- Music
- 18 Jul 07
If REM apply the same print-and-be-damned attitude to the recording of these songs as they did to their live unveiling, they might produce their most vibrant record in years.
So, the REM-band get to rehearse new material in a grand old Dublin theatre in front of live bodies for a week, and the live bodies get to see the whites of the musicians’ eyes. Fair deal. This listener always preferred to ogle big acts in an environment where you can see the sweat and stubble, the bone machine operating in graphic detail, rather than the bells-and-whistles stadium production. If that means forfeiting the chance to hear ‘Man On The Moon’ for the nth time, so be it. When so many elder statesmen (The Who, Lou Reed, The Stones, Brian Wilson) are working it like presidents in their final term, securing their legacy through revisiting classic albums or undertaking career summation tours before they get put out to pasture, it’s good to see a band like REM shrug off the bootleg-on-the-internet collateral damage factor and present a whole ream of work in progress.
This was the third night of the band’s residency, Tuesday, and advance reports telegraphed almost a dozen new tunes plus a handful of nuggets dating all the way back to the Chronic Town EP. The pre-gig back projection proclaimed THIS IS NOT A SHOW, a point reinforced via megaphone by Mike Mills as Michael Stipe ambled on in black jeans and blue shirt, plonked his laptop on an upturned flightcase and grasped the mic-stand like some IT desk-monkey who’d blundered into an elaborate and possibly unhinged team-building karaoke bash.
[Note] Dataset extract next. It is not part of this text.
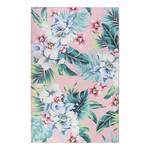 Laagpolig vloerkleed Tropical Orchid geweven stof - roze/groen - 190 x 290 cm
Throughout the night the singer wrestled with minor technical gremlins and peered at the lyrics on the screen in a way that seemed to perversely ramp up the intensity of his vocal performance. Stripped of showmanship tricks, this was a band concentrating hard, overseen by Joe O’Herlihy on the desk. That said, Peter Buck – a man who, one suspects, has Have Rickenbacker Will Travel stamped on his passport – appeared as unfazed as ever, undoubtedly inured to small scale Irish gigs by dint of his extracurricular stints as Robyn Hitchcock’s sidekick.
The new material seems to be pitched somewhere between Document’s agit-prop assault and Monster’s sleazy swagger, notwithstanding a couple of classic REM waltzes and moody tone poems such as ‘Houston’, ‘Until The Day Is Done’ (with Richard Thompson-esque folk arpeggios from Buck) and ‘On The Fly’. This was as informal as you like, Stipe revelling in the incongruity, going so far as to admit that one new song got booted off the setlist on account of its chorus being subconsciously plagiarised from the Friends theme. Dubbing the set “an experiment in terror and music”, he confessed to being scared witless before attempting to straddle unbroken new mounts, or revisiting rarely aired tunes like the 22-year old ‘Kahoutek’.
For whatever reason, tonight’s back catalogue trawl favoured the band’s secret Appalachian artefact Fables Of The Reconstruction (‘Auctioneer’, ‘Driver 8’, the sparkling harmonics and low-slung skies of ‘Feeling Gravity’s Pull’) and the college rock rush of Reckoning (‘Second Guessing’, ‘Little America’, a lovely ‘Southern Central Rain’ distinguished by Stipe’s inchoate coyote howl over the coda).
The boldest of the new songs included ‘Mr Richard’ ('scuse my stabs at the titles, I passed on the t-shirt with the set-list on the back) and ‘I’m Gonna DJ (At The End Of The World)’. Saved for the final encore, the latter is a vaguely Pistols-y strut that, in its echoing of ‘It’s The End Of the World As We Know It…’ gives the nod to the history-repeating Republican supremacy that first spurred the band into explicit political commentary circa 1987. It’s early days yet, but if REM and producer Garret Lee apply the same print-and-be-damned attitude to the recording of these songs as they did to their live unveiling, they might produce their most vibrant record in years.